WASHINGTON (CN) - Aereo, a service that lets subscribers watch broadcast television online, infringes on the copyrights owned by the networks, the Supreme Court ruled Wednesday.
Backed by IAC's Barry Diller, Aereo debuted in major cities in 2012, allowing subscribers to access TV broadcasts online via Aereo's warehouse of dime-sized antennae.
While Aereo likened its service to the permissible "rabbit ears" of old, major broadcast networks like ABC and Fox said it infringes their exclusive rights.
A divided three-judge panel of the 2nd Circuit created a circuit split last year in denying the networks an injunction, and digital rights groups like the Electronic Frontier Foundation urged the Supreme Court to affirm after it took up the case in January.
By a 6-3 vote, the justices reversed on Wednesday.
Relevant to their holding are amendments that Congress made to the Copyright Act in 1976 to ensure that the law governed community antennae television (CATV) systems, a precursor to modern cable.
"Aereo's activities are substantially similar to those of the CATV companies that Congress amended the act to reach," Justice Stephen Breyer wrote for the majority. "Aereo sells a service that allows subscribers to watch television programs, many of which are copyrighted, almost as they are being broadcast. ... By means of its technology (antennas, transcoders, and servers), Aereo's system 'receive[s] programs that have been released to the public and carr[ies] them by private channels to additional viewers.' It 'carr[ies] ... whatever programs [it] receive[s],' and it offers 'all the programming' of each over-the-air station it carries." (Parentheses in original.)
Justice Clarence Thomas and Samuel Alito joined the dissent by Justice Antonin Scalia, which concludes that, while Aereo's service maybe "ought not to be allowed," the court should "not distort the Copyright Act to forbid it."
"It is not the role of this court to identify and plug loopholes," Scalia wrote. "It is the role of good lawyers to identify and exploit them, and the role of Congress to eliminate them if it wishes.
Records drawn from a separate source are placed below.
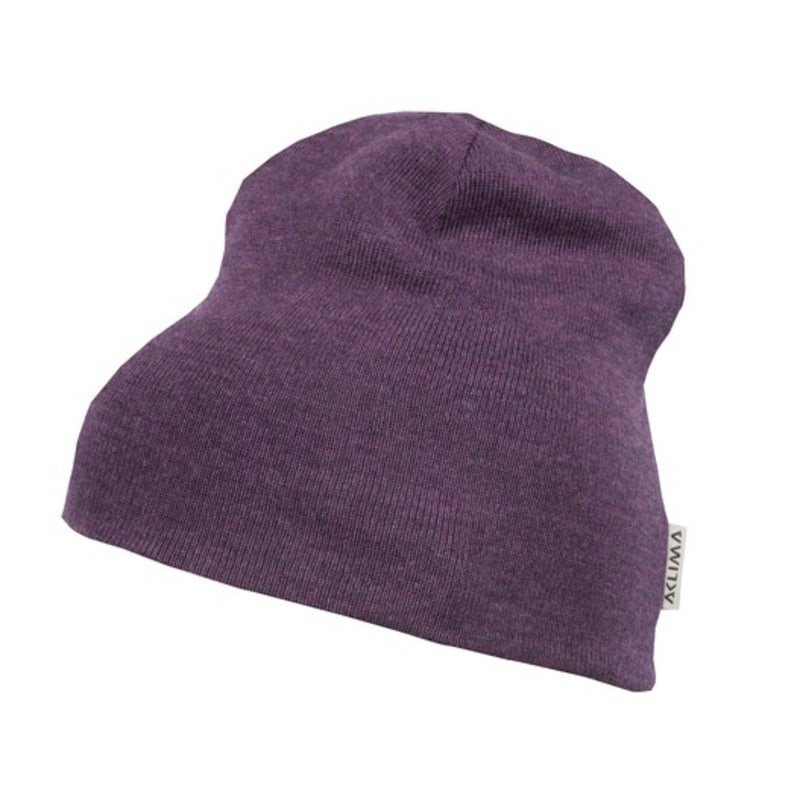 Aclima Warmwool Classic Beanie Unisex 1SIZE Blackberry Wine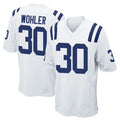 Custom #30 White IND Football Shirt Top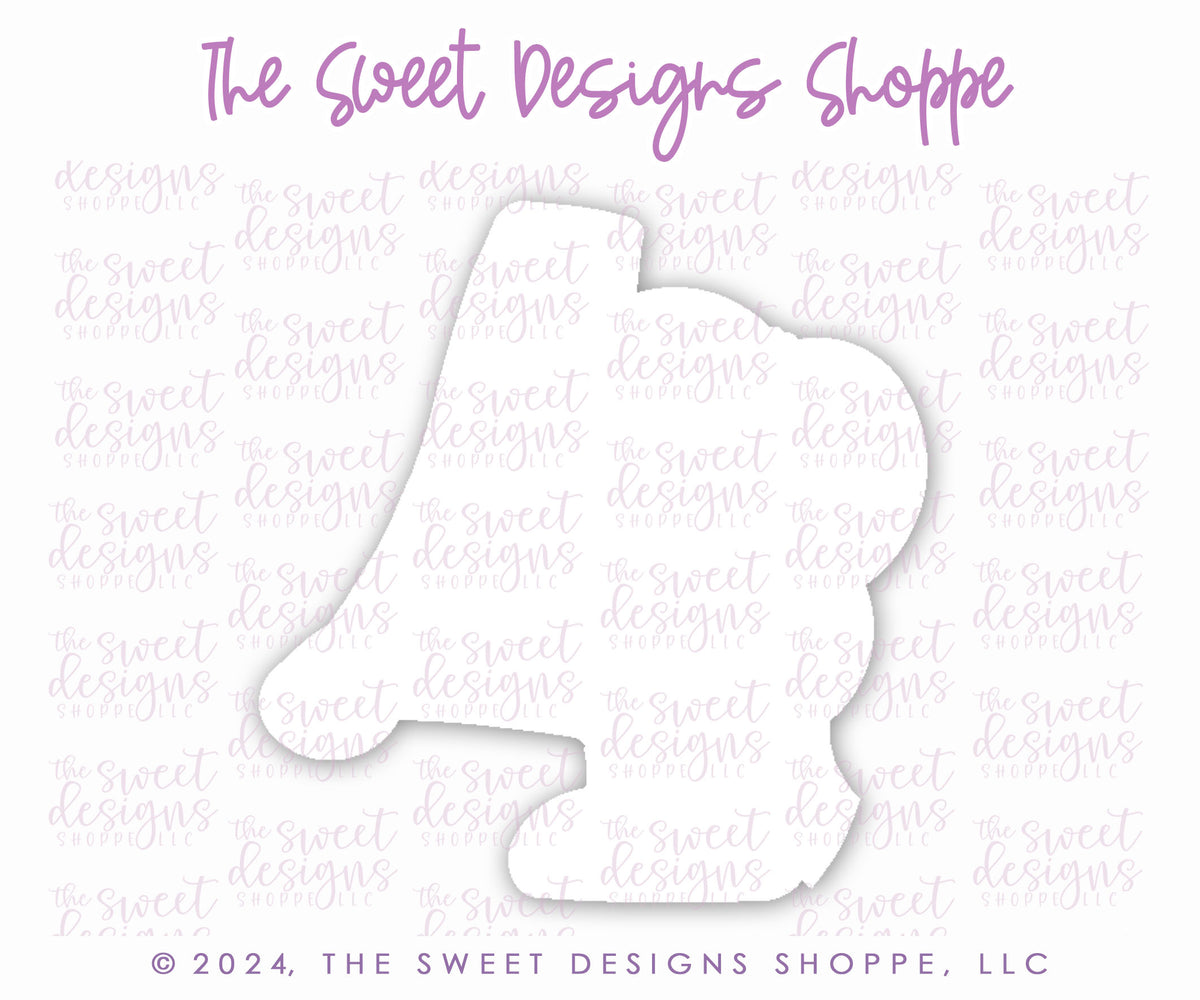 Cookie Cutters - Bow-tiful Four- Cookie Cutter - The Sweet Designs Shoppe - TSDS - - 4,ALL,Beautiful,Birthday,Cookie Cutter,Font,Fonts,kid,kids,Lettering,letters and numbers,number,numbers,NumberSet,Promocode,Series25,STL,text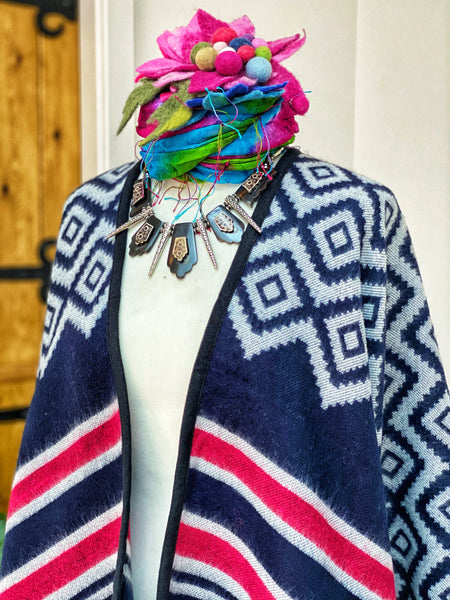 FABULOUS WILD SPIRIT BLANKET WRAP / COAT - MoonbeamsandMayhem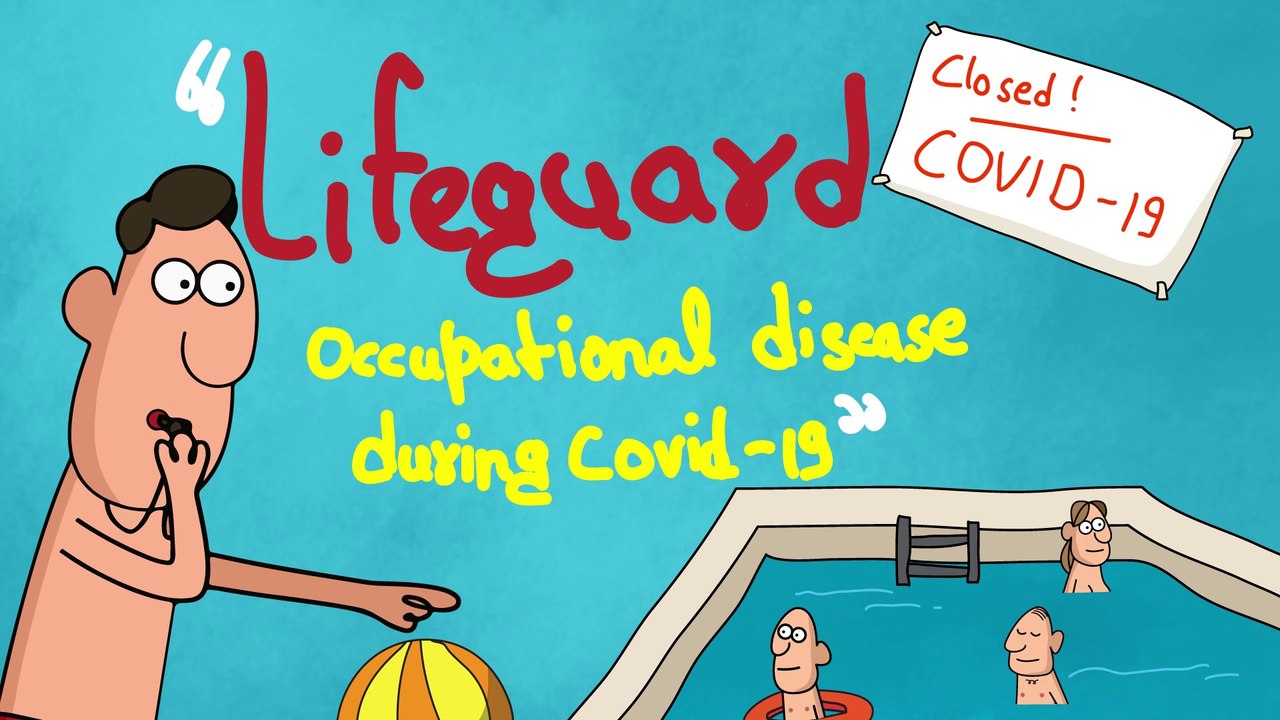 Lifeguard Occupational Disease during covid19 | Cartoon Animation | 1min cartoon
Congress can do that, I may add, in a much more targeted, better informed, and less disruptive fashion than the crude 'looks-like-cable-TV' solution the court invents today."
Disputing the majority's finding that Aereo "performs," and thus violates the Copyright Act, Scalia said Aereo is most similar to "a copy shop that provides its patrons with a library card.'
Unlike a video-on-demand service that provides "a prearranged assortment of movies and television shows," Aereo "assigns each subscriber an antenna that - like a library card - can be used to obtain whatever broadcasts are freely available," the dissent states.
"Some of those broadcasts are copyrighted; others are in the public domain," Scalia continued. "The key point is that subscribers call all the shots: Aereo's automated system does not relay any program, copyrighted or not, until a subscriber selects the program and tells Aereo to relay it. Aereo's operation of that system is a volitional act and a but-for cause of the resulting performances, but, as in the case of the copy shop, that degree of involvement is not enough for direct liability."